Demain, Henry. "St. John Berchmans." The Catholic Encyclopedia. Vol. 8. New York: Robert Appleton Company, 1910. 9 Apr. 2015 <http://www.newadvent.org/cathen/08450a.htm>.

Transcription. This article was transcribed for New Advent by Joseph P. Thomas. In memory of Bishop James Kallacherry.


Ecclesiastical approbation. Nihil Obstat. October 1, 1910. Remy Lafort, S.T.D., Censor. Imprimatur. +John Cardinal Farley, Archbishop of New York.

SOURCE : http://www.newadvent.org/cathen/08450a.htm

John Berchmans, SJ (RM)
(also known as Jan Berchmans)


Born in Diest, Brabant, Flanders (Belgium), on March 13, 1599; died at Rome August 13, 1621; canonized 1888; feast day formerly on August 13.



Eldest son of a master-shoemaker, John knew early that he wanted to be a priest. His piety attracted attention even in his youth. When he was 11, his parish priest permitted him to study in the little seminary run out of the rectory. At the age of 13, he became a servant in the household of one of the cathedral canons at Malines, John Froymont, in order to pay for his education. In 1615, the Jesuits opened a college at Malines (Mechlin) and the following year John became a Jesuit novice there. After his mother's death, his father and two brothers followed suit and entered religious life.

The year his father was ordained (1618) and died six months later, John was sent to Rome for his novitiate. He was so poor and humble that he walked from Antwerp to Rome. In the seminary he was known for his diligence and piety, impressing all with his holiness and stress on perfection in little things. His kindly and cheerful nature made him popular (contemporary accounts of his attractive nature survive). In these respects he reminds us of the "little way" of Saint Thérèse of Lisieux. There was nothing visibly extraordinary about him; he was one of those saints who do the ordinary things of everyday life in an uncommon manner, out of their overflowing love of God.

There are some reports that he found the regimented life of a Jesuit scholar nearly intolerable. Yet he continued in humble and cheerful obedience to his superiors and to God.

Although he longed to work in the mission fields of China, he did not live long enough to permit it. After completing his coursework, he was asked to defend the "entire field of philosophy" in a public disputation in July, just after his exit examinations. The following month he was asked to represent the Roman College in a debate with the Greek College.
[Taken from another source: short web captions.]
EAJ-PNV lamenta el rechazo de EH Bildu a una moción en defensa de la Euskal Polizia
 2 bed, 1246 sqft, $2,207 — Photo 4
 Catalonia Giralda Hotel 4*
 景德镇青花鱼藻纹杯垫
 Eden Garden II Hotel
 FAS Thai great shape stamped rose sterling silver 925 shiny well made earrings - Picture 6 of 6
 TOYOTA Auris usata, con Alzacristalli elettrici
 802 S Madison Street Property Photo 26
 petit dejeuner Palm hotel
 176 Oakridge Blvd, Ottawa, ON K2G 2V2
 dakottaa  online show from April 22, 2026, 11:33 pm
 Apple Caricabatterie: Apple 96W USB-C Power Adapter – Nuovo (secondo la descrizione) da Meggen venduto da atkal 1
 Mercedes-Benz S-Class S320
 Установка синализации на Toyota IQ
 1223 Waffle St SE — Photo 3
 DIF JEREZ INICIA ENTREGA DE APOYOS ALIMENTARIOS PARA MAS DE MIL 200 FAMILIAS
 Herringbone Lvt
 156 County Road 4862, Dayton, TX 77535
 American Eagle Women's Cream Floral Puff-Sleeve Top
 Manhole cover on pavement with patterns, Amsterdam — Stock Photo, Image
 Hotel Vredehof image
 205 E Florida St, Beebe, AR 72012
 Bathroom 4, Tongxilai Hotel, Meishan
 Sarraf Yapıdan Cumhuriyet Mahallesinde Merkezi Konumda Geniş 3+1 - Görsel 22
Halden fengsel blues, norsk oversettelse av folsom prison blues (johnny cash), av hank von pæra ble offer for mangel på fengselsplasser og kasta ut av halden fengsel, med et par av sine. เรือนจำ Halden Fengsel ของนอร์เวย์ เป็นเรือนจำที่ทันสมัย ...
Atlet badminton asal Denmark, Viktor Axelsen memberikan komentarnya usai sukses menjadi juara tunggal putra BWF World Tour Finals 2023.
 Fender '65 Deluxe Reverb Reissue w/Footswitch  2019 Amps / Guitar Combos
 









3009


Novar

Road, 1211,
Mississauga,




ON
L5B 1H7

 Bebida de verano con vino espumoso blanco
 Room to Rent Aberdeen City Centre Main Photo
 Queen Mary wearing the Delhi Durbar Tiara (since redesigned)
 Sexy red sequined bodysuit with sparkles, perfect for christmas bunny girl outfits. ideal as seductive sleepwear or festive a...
Although he distinguished himself in this disputation, he had studied so assiduously that he caught a cold in mid-summer, became very ill with dysentary and a fever, and died a week later. He was buried in the church of Saint Ignatius at Rome, but his heart was later translated to the Jesuit church at Louvain.

So many miracles were attributed to him after his death at the age of 22, that his cultus soon spread to his native Belgium, where 24,000 copies of his portrait were published within a few years of his death (Attwater, Attwater 2, Benedictines, Brenan, Coulson, Delaney, Delehaye, Farmer, Schamoni).

Saint John is represented as a young Jesuit kneeling in a ray of light, and pointing to a skull, with a log of wood, crucifix, book and rosary near him. He is the patron of altar boys (Roeder). The convent of Via di Tor dei Specchi (founded by Saint Frances of Rome) has two pictures of the saint, although his death mask has been lost. One was painted directly from the corpse; the other is a sweetened copy of the death portrait. The original has never been published (Schamoni).